It’s terrifying to find out that your personal computer has been compromised by a hacker. You instantly begin a damage assessment. What personal information is contained in the compromised machine? How long have you been monitored by spyware? These questions race through your mind. But what happens when the computer being compromised is your car?
There are surely security measures built in to every autonomous vehicle, but the vulnerability that may be hardest to control is one hackers can exploit without even knowing your car exists. Because autonomous vehicles operate in response to inputs from the world around them, the easiest way to hack a self-driving vehicle may be to simply change its environment.

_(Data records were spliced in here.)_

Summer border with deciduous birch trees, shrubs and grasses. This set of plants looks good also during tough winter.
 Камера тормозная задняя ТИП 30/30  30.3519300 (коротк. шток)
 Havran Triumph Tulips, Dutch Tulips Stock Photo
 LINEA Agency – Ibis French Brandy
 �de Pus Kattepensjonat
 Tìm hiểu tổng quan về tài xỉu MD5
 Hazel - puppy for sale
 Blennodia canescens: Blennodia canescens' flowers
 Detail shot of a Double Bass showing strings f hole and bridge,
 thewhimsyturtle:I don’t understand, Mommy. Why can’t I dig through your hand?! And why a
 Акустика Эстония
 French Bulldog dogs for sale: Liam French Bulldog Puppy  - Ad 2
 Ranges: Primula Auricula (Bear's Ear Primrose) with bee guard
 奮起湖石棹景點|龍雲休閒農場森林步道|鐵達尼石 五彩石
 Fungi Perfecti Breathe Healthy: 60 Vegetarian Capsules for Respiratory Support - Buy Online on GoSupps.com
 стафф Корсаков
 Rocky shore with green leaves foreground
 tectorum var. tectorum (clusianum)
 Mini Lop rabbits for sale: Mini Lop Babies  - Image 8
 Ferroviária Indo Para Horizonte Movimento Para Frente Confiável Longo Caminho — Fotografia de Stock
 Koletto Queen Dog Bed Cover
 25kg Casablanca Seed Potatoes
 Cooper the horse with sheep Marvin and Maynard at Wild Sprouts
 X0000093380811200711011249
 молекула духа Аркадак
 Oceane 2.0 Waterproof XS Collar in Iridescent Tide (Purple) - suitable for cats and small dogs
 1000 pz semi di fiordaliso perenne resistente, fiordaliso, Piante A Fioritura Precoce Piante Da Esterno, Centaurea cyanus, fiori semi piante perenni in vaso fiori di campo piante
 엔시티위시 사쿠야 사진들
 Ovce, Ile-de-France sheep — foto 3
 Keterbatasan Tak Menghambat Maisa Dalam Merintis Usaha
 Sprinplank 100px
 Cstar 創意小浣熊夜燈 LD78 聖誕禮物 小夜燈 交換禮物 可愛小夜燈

A group of researchers led by Ivan Evtimov from the University of Washington has developed a concept for fooling self-driving cars by slightly altering the road signs they rely upon. The alterations trick the vehicles into recognizing them as different signs.
The study, titled Robust Physical-World Attacks on Machine Learning Models and posted on arXiv.org, explains a proof of concept for fooling autonomous cars. Using subtle changes like fake weathering or specially designed graffiti, the research team was able to fool the vehicle algorithm they were testing into believing stop signs were actually 45 mile per hour speed limit signs.
The danger of such alterations is obvious. When cars should be stopping but instead may be speeding up, disaster is almost guaranteed. The question for investors is, will scare stories like these prevent mass uptake of autonomous vehicles by consumers, or will tech companies innovate their way around such obstacles?